#### Your assignment
Pictures excluded, copy all of the data below exactly.

#### Input data
=== Begin Enclosure ===

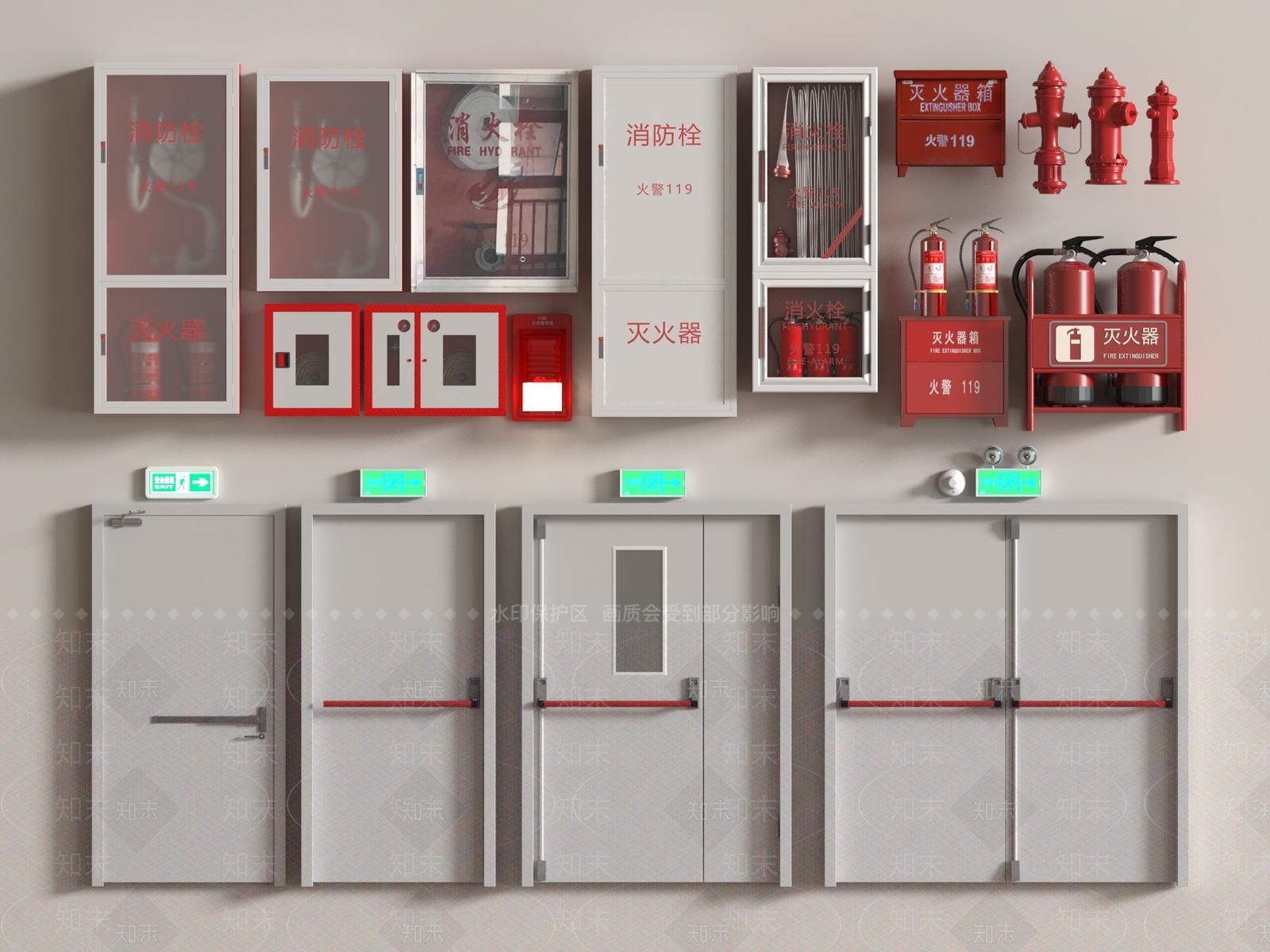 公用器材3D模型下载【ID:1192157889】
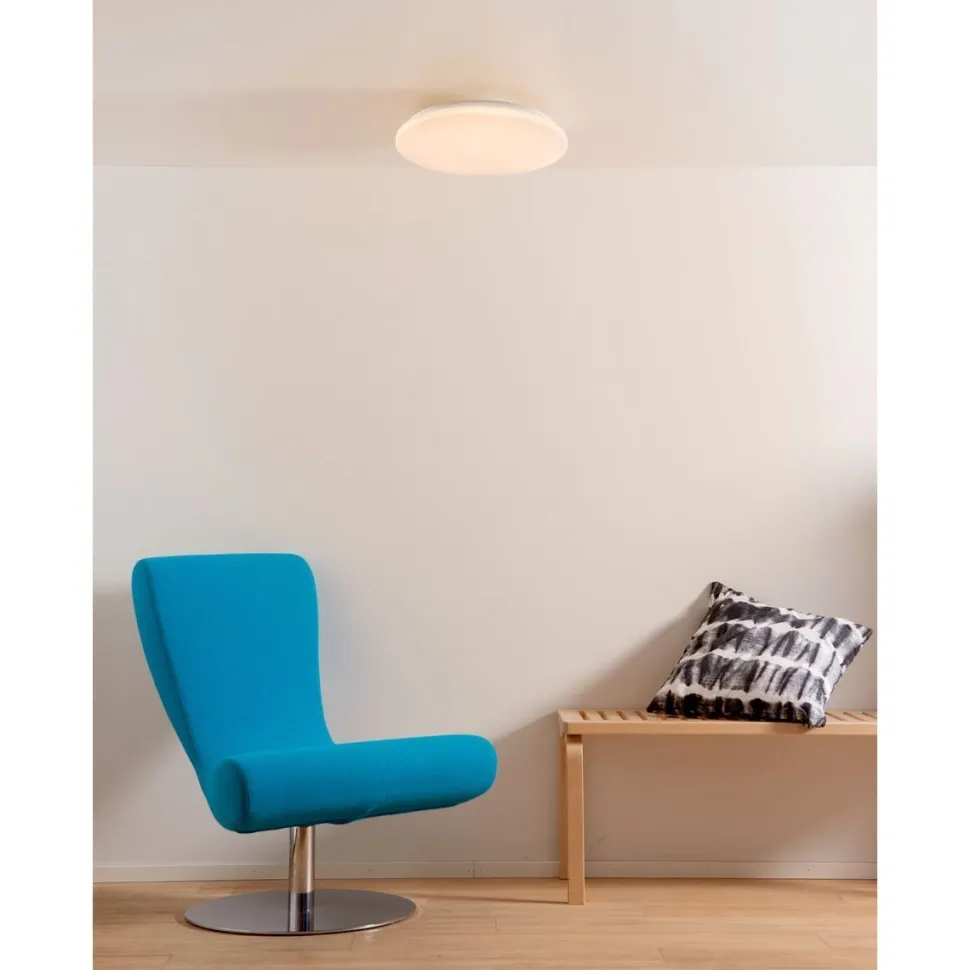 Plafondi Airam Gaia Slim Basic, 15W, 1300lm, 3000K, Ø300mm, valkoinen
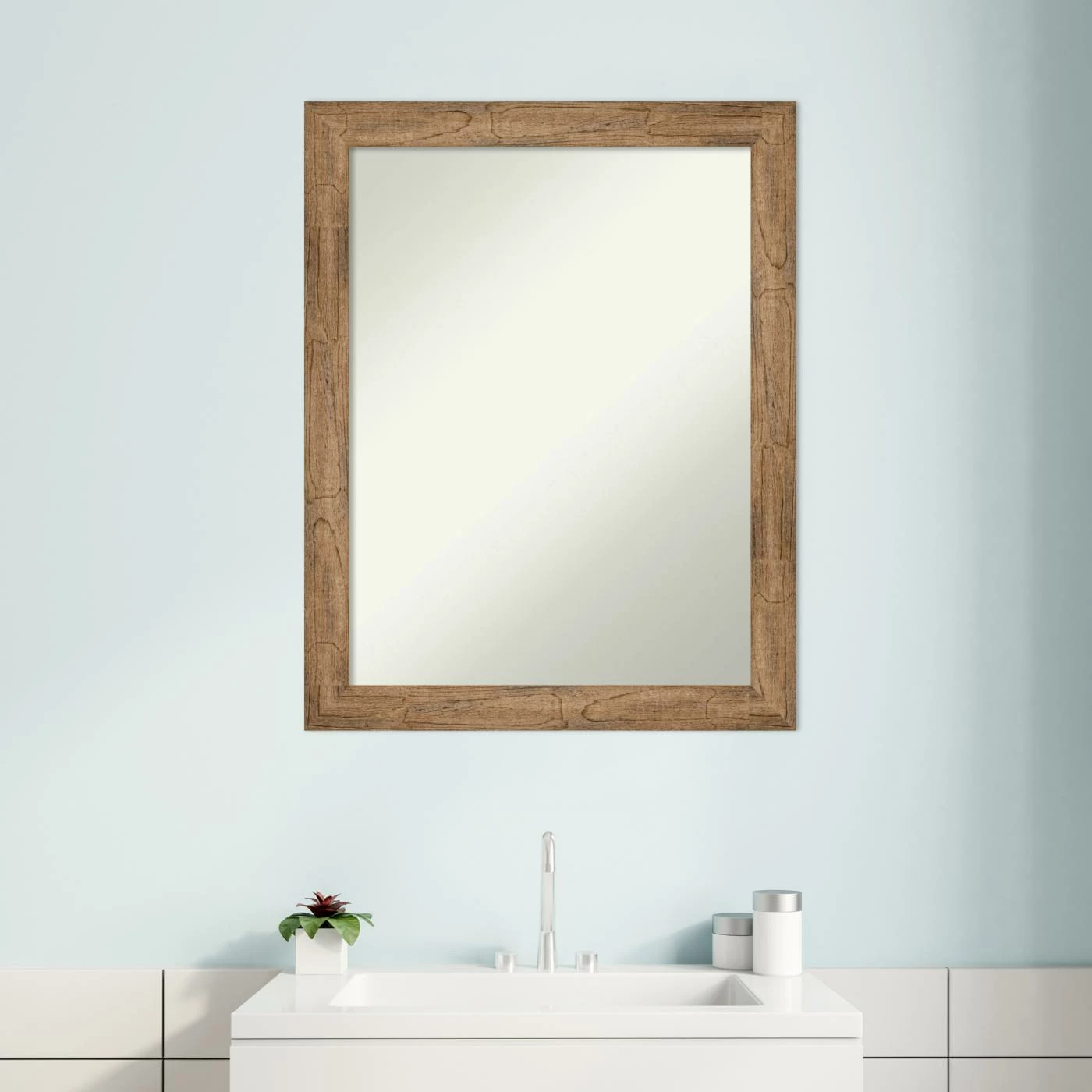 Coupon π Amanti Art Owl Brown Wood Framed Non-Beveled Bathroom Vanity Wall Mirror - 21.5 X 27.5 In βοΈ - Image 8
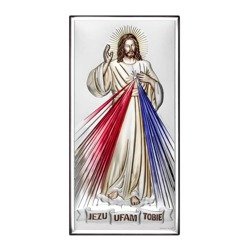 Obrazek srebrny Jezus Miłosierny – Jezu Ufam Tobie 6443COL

=== End Enclosure ===

#### Your solution
 公用器材3D模型下载【ID:1192157889】
 Plafondi Airam Gaia Slim Basic, 15W, 1300lm, 3000K, Ø300mm, valkoinen
 Coupon π Amanti Art Owl Brown Wood Framed Non-Beveled Bathroom Vanity Wall Mirror - 21.5 X 27.5 In βοΈ - Image 8
 Obrazek srebrny Jezus Miłosierny – Jezu Ufam Tobie 6443COL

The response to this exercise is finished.